I hate throwing away food.

Preparing for Thanksgiving week, I bought a bit too much food. One item was a loaf of delicious seeded multigrain whole wheat bread from Grand Central Bakery.

A delicious, but stale, hard loaf of bread

The loaf was untouched for several days and became predictably so hard it would have been difficult to slice. The interior no doubt now was also quite tough.

A professional chef friend told me that it is possible to rejuvenate a stale loaf of bread by running a water faucet all over the loaf and briefly baking it! I was skeptical, but what did I have to lose?

Note 1: Do not attempt this with moldy bread. If your bread has mold, compost or toss it.

Note 2: This works best with fully intact loaves of bread. But Bon Appetit says even if the interior of the bread gets wet, it still can be rejuvenated.

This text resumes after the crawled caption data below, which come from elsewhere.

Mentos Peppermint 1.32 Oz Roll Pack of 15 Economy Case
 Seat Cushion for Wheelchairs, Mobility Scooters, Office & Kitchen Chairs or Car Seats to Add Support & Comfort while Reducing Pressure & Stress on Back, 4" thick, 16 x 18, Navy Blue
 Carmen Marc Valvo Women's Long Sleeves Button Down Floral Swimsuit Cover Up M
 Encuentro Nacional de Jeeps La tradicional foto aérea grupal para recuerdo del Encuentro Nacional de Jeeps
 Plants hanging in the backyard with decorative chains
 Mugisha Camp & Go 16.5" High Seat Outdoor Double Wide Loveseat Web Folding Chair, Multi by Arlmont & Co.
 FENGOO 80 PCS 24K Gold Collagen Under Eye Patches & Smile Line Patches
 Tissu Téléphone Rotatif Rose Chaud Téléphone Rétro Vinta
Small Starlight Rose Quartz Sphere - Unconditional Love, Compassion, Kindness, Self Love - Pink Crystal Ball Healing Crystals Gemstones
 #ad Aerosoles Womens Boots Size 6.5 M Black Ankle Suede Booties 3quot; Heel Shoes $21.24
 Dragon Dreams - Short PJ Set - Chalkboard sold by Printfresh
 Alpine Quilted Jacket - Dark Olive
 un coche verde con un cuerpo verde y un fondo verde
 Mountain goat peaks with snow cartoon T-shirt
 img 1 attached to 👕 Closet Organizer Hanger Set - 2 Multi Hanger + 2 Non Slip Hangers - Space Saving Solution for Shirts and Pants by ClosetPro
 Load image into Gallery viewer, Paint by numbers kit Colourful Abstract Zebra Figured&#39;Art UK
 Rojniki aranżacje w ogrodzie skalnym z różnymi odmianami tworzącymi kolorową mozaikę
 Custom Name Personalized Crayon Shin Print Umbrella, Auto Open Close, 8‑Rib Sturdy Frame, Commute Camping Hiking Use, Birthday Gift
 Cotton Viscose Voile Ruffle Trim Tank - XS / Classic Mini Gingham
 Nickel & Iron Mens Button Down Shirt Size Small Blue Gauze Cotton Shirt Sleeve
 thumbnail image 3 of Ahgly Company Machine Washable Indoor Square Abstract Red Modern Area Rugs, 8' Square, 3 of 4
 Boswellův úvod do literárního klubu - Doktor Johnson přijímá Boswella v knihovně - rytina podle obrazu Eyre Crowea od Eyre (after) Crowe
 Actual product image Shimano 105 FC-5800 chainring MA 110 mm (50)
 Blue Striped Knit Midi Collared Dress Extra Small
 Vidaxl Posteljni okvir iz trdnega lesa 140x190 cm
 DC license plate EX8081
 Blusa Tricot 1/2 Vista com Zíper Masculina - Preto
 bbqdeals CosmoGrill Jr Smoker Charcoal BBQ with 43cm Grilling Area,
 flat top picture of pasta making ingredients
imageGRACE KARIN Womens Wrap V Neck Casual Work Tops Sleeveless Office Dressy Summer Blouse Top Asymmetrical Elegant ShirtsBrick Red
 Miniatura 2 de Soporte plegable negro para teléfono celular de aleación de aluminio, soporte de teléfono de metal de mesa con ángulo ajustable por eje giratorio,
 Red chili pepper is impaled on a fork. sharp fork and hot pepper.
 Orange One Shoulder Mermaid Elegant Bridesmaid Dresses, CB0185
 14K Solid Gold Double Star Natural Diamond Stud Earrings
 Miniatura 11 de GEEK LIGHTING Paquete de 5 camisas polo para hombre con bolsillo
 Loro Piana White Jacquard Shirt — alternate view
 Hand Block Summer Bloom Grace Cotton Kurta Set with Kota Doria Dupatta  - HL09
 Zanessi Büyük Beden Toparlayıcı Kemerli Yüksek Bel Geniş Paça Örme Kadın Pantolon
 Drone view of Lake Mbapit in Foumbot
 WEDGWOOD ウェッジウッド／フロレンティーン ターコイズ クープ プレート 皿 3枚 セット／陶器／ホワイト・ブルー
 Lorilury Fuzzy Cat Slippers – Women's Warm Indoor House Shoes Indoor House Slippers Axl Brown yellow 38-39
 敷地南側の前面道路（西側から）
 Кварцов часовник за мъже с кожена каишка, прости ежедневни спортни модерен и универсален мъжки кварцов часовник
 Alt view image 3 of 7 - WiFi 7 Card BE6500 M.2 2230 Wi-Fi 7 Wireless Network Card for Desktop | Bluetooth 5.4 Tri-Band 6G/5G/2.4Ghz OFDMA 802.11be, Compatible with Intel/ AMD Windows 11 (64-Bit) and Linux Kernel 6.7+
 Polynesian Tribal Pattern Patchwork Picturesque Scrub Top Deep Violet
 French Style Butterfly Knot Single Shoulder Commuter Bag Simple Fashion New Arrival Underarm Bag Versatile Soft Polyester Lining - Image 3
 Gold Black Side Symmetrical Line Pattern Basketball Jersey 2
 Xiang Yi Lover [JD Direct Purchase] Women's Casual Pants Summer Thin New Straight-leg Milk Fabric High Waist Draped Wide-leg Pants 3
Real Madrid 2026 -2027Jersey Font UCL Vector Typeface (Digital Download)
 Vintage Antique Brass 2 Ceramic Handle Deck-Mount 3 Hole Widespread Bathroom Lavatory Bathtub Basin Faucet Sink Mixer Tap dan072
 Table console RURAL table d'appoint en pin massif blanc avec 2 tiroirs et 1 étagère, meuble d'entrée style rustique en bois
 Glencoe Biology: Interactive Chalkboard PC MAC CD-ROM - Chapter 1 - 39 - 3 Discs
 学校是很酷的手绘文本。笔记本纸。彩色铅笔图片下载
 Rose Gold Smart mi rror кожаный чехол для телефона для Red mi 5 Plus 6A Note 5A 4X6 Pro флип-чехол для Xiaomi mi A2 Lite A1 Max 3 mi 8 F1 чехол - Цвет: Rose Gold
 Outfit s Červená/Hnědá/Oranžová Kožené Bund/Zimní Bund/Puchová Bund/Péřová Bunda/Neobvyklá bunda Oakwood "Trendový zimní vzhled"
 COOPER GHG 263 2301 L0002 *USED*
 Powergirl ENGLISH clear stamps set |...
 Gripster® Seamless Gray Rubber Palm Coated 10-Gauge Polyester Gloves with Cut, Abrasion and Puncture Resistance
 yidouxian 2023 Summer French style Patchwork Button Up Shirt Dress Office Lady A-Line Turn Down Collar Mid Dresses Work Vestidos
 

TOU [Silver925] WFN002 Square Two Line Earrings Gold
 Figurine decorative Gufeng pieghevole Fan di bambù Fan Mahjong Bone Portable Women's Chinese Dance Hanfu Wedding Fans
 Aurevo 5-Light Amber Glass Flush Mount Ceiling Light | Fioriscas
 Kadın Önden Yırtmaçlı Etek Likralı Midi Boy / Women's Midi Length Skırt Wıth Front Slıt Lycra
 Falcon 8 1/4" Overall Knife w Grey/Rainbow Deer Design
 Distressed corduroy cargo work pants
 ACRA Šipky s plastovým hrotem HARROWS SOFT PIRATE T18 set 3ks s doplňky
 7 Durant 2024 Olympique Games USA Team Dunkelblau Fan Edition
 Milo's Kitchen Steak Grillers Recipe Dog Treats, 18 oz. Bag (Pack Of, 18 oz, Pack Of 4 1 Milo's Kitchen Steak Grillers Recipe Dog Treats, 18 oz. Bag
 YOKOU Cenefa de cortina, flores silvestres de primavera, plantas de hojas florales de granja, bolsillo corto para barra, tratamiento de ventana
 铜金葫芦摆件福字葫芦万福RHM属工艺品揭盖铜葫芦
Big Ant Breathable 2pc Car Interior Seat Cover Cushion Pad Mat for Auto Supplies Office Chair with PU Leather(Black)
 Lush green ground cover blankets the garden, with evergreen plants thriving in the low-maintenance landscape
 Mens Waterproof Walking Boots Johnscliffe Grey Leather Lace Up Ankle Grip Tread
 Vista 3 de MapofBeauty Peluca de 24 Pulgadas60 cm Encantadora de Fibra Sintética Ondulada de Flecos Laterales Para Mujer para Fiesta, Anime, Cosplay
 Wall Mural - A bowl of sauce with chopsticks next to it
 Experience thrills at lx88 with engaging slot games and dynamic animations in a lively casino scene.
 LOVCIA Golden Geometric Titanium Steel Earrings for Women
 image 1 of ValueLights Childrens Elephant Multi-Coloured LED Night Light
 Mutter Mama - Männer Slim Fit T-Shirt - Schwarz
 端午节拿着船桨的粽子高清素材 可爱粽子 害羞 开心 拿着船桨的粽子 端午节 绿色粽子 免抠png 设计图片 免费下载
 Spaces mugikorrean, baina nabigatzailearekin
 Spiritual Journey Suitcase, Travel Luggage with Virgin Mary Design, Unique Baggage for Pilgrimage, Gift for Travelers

How to Rejuvenate Stale Bread

Step 1: Preheat your oven to 350 degrees F

Step 2: Hold the bread under running water. Completely soak the surface. Soak the bottom of the loaf more, since it is usually thicker and tougher. If the bread has been sliced, position the exposed portion of bread away from the faucet to minimize getting that part wet.

Beginning the rejuvenating shower
Soaking the bottom of the loaf

Step 3: Place the soaked bread loaf on the bare oven racks and set your timer for 10 minutes.

Step 4: Remove and inspect the loaf. If the loaf is large and/or still dry and hard, repeat the rinse and bake once more.

Step 5: Remove the loaf, slice, and enjoy!

The seeded whole wheat bread and the baguette were successfully rejuvenated!

You may need to adjust the temperature and length of baking time depending on the size and type of loaf you are rejuvenating. Just keep an eye on the bread while it is in the oven. You will be surprised how well this can work!

Update: I was able to successfully rejuvenate a baguette as well! Also, I attempted re-rejuvenating a loaf that had been sliced, and it worked as well!